Selon l'étude, les femmes sont les premières concernées: 88% des victimes de la traite des êtres humains (article 182 du Code pénal) et de l'encouragement à la prostitution (article 195 du Code pénal) sont des femmes. L'encouragement à la prostitution est souvent mentionné dans le rapport, car il est considéré comme une infraction subsidiaire. Cela signifie que l'article 195 s'applique, entre autres, lorsque l'infraction de traite d'êtres humains n'est pas applicable en raison d'un manque de preuves.
Parmi les prévenus, on trouve nettement plus d'hommes (67%) et de Suisses (27%). Avec une moyenne d'âge de 37 ans, ils sont bien plus âgés que les victimes, qui ont en moyenne 25,6 ans.
En comparaison avec les autres cantons, le nombre élevé de cas à Zurich (146) et à Genève (118) est frappant.
A noter que Zurich compte l'âge moyen le plus faible (24 ans): le rapport suppose que c'est dû à un nombre important de cas dans le domaine de la prostitution. A l'inverse, Genève recense l'âge moyen le plus élevé (30 ans). Cela pourrait indiquer des cas d'exploitation en dehors de la prostitution. Une tendance confirmée par la forte proportion d'hommes.
Il y a un mois seulement, la police a libéré une prostituée mineure d'une maison close argovienne après avoir reçu une information de la population.

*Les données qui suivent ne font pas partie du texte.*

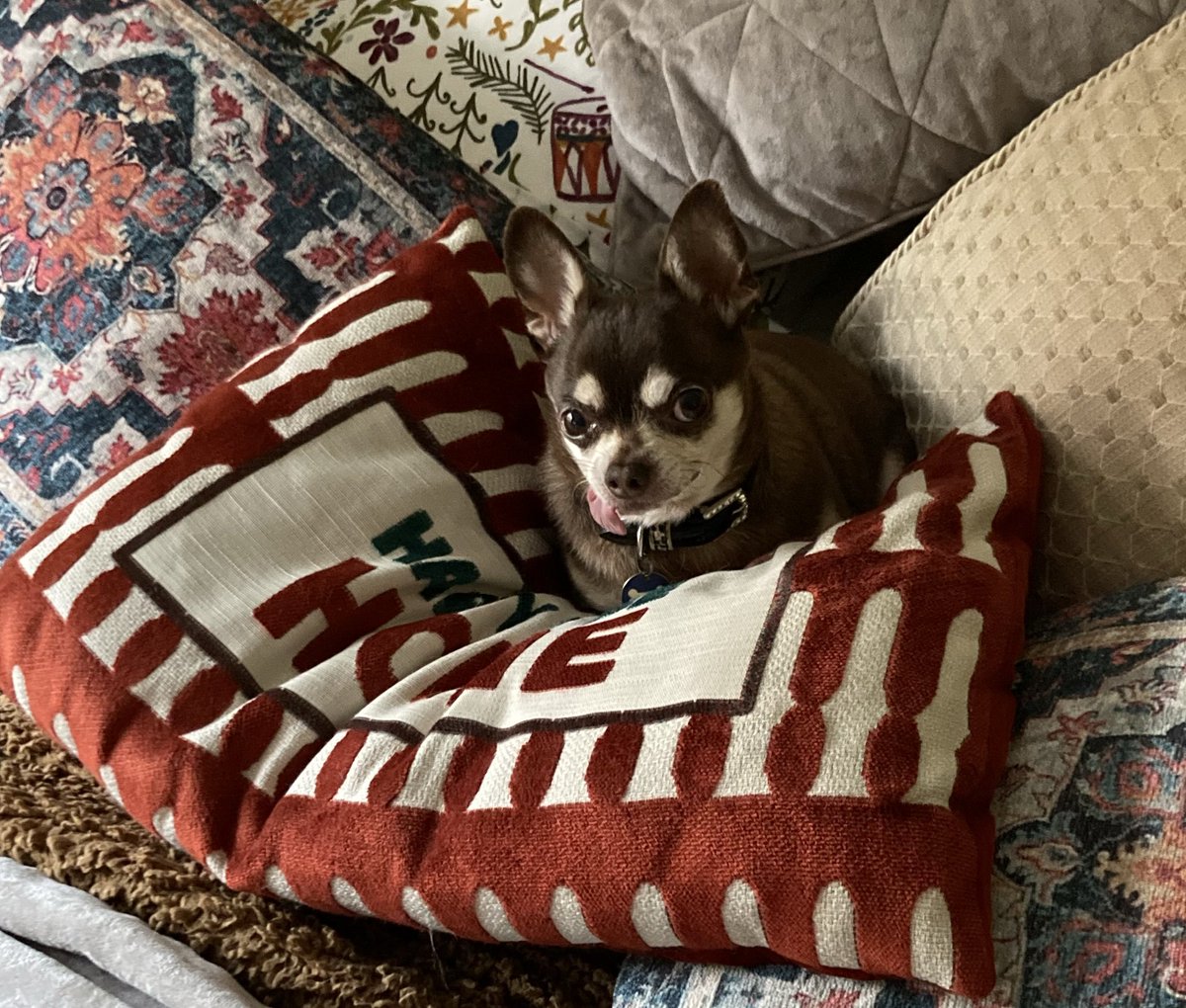 Billy Bear and Chums tweet media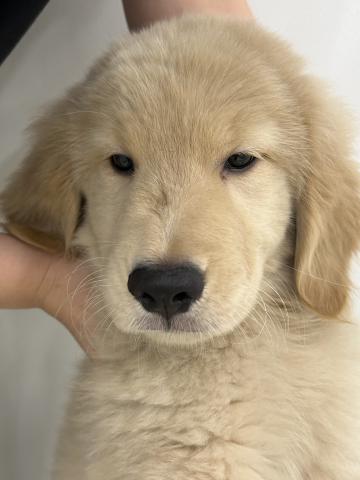三重県のゴールデンレトリバー (ペットアミ 名張店/2025年5月22日生まれ/男の子/ゴールデン)の子犬の3枚目の画像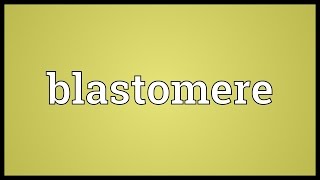 Blastomere Meaning [upl. by Bela]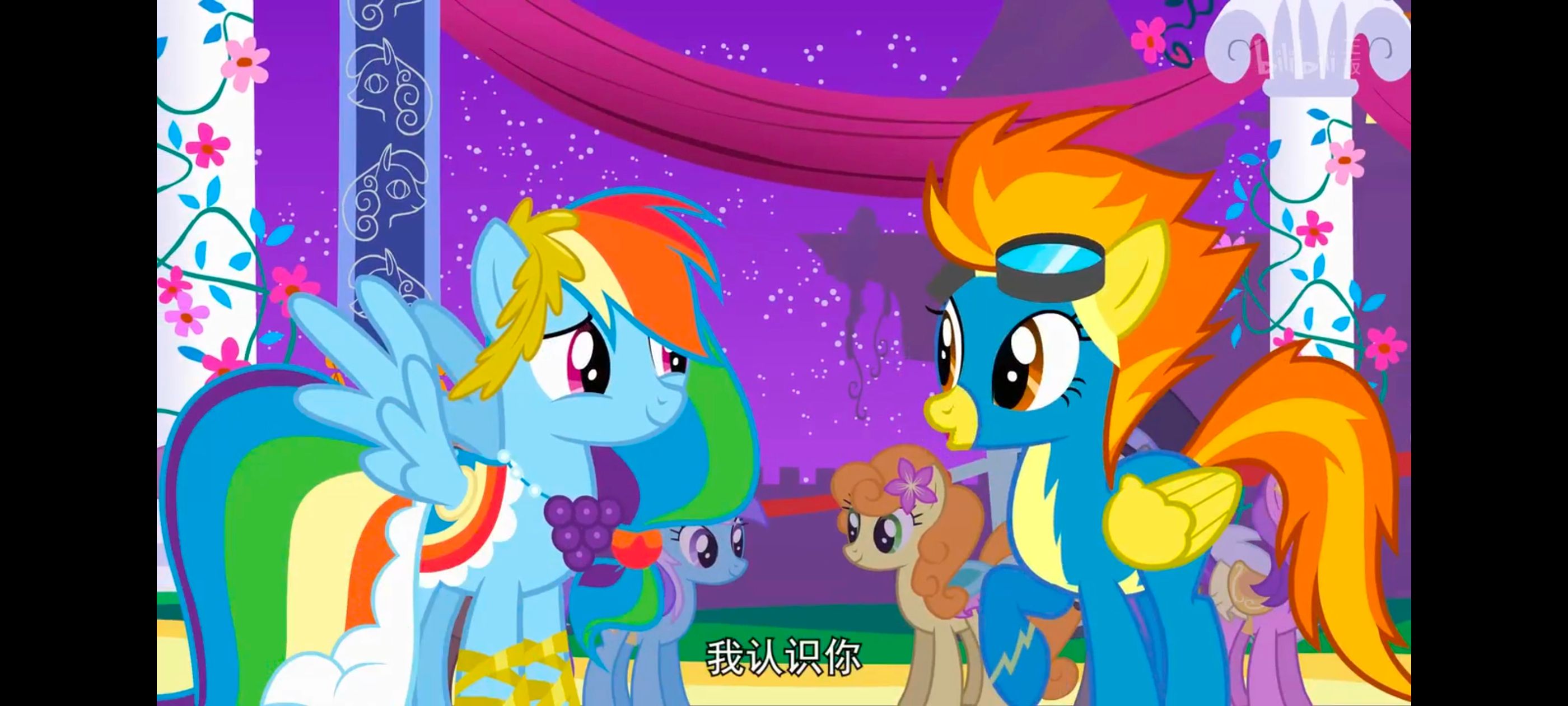 小马宝莉,小马宝莉友谊魔法,彩虹小马,我的小马驹,动画,动漫,番剧,ACG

Comme l'a indiqué le Ministère public d'Argovie, l'adolescente a été remise à un service spécialisé.
Une procédure pénale a été ouverte contre la gérante de la maison close, âgée de 58 ans, pour encouragement à la prostitution de mineurs et traite d'êtres humains qualifiée.
En mars, un entrepreneur de 42 ans a été condamné à Zurich à une peine de dix ans de prison pour traite d'êtres humains par métier et autres délits. L'entrepreneur exploitait systématiquement des travailleurs originaires de Hongrie et de Moldavie.
Le tribunal a estimé qu'il était prouvé que le double national austro-suisse avait employé à différentes périodes entre 2012 et 2016 sept constructeurs hongrois et seize Moldaves. Il aurait attiré ces derniers en Suisse en leur promettant des salaires élevés.
Mais au lieu du salaire convenu, il ne leur versait que des montants forfaitaires, sans heures supplémentaires, ni frais, ni vacances. Selon l'acte d'accusation, les ouvriers étaient payés entre 80 centimes et neuf francs de l'heure — si tant est qu'ils aient été payés. Il aurait en outre menacé des ouvriers et les aurait logés dans des logements surpeuplés et moisis.